Nor will it tell the audience of how once the Nazis invaded Soviet Russia on June 22 of 1941, Trumbo withdrew his own book from circulation, took the plates from the publisher, and made it unavailable. A book preaching pacifism would interfere with the need to call for arms against the Soviet Union. Not only did Trumbo do this, but he called the FBI, and asked them to come to his home. He had received letters from readers who having heard the book was good, asked where they could obtain a copy. Trumbo told the FBI he wanted to give them the names of his correspondents, since they might be opponents of the President, might be pro-Nazi, and could be traitors. In other words, he not only named names, but asked the FBI to investigate people he knew nothing about, who only wanted to read his book, because they might even engage in politics and “oppose” the Commander-in-Chief.
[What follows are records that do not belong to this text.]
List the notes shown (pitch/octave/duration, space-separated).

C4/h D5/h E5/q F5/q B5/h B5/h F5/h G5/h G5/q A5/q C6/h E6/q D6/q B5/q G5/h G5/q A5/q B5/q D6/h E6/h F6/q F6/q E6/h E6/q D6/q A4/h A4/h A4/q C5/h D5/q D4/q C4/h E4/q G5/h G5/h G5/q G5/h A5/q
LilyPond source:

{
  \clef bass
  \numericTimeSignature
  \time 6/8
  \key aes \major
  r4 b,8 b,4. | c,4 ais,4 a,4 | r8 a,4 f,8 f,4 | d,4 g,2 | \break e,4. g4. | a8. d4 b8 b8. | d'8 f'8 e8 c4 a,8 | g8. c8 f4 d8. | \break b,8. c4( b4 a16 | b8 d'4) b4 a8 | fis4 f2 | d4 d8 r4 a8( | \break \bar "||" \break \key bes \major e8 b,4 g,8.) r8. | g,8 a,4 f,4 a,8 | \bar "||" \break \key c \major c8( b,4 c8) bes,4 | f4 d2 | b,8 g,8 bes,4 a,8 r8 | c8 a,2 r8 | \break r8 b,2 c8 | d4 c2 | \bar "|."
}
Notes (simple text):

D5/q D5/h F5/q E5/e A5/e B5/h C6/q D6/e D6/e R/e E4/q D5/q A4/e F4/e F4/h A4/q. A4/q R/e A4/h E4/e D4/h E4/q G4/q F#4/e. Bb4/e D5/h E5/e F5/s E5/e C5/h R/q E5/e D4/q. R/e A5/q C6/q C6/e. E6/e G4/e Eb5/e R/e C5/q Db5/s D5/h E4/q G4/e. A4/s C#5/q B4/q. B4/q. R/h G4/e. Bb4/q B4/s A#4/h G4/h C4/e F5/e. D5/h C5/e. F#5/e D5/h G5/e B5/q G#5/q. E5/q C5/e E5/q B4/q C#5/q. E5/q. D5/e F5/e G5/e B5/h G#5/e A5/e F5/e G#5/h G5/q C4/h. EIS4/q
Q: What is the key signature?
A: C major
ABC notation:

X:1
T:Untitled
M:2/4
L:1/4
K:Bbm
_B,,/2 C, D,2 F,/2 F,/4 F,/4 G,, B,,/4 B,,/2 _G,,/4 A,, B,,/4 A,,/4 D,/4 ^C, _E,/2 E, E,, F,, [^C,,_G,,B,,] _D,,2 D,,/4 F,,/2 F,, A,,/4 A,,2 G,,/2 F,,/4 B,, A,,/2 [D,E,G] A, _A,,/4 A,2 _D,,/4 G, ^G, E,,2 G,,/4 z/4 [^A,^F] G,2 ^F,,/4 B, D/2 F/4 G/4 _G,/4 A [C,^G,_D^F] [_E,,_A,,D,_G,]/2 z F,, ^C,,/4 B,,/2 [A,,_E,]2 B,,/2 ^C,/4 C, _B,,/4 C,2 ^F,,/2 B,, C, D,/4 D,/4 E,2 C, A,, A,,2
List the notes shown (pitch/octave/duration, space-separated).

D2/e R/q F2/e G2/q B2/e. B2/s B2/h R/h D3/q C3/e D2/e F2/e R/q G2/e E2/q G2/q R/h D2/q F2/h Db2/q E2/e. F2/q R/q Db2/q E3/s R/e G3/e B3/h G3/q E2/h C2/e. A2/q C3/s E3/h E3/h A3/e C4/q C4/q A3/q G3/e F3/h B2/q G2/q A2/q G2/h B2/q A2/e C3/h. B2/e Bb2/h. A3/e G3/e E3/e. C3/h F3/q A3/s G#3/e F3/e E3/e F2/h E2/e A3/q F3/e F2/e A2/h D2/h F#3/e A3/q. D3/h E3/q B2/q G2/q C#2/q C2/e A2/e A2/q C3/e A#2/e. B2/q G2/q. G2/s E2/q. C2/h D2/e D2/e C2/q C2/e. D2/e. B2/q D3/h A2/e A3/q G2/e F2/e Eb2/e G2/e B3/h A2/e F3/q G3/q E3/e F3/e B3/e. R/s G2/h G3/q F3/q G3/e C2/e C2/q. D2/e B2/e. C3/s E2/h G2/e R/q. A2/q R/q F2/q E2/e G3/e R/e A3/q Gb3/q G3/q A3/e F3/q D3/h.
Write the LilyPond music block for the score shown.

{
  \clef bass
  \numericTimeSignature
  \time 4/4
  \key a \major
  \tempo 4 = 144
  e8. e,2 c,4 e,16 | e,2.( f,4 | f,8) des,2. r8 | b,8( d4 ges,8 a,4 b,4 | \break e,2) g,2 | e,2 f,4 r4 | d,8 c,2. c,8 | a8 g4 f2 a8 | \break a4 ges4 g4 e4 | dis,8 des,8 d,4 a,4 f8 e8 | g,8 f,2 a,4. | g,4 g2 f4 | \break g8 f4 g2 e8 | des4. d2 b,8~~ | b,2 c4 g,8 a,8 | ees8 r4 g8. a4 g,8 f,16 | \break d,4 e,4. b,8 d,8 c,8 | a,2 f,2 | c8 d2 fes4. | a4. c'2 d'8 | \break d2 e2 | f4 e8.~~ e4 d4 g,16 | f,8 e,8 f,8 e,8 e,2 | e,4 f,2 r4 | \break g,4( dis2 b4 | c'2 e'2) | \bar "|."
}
Years later, when the Vietnam War broke out, Trumbo quickly had the book republished, and soon Hollywood came forward with a film version. Once again, the book he once banned on his own was now available. After all, it was useful as a tool against a war of which he disapproved. And obviously, Zinn wants it out there again to serve a similar use today.

Conclusion

This has been a long piece. There will be more to say about this film after it is on television, and the extended version is released on DVD. But the final version will not change the critique I have offered here about Zinn’s view of history, and his approach to politics.

That a major TV cable channel has seen fit to put this on the air, says much about the state of our culture today.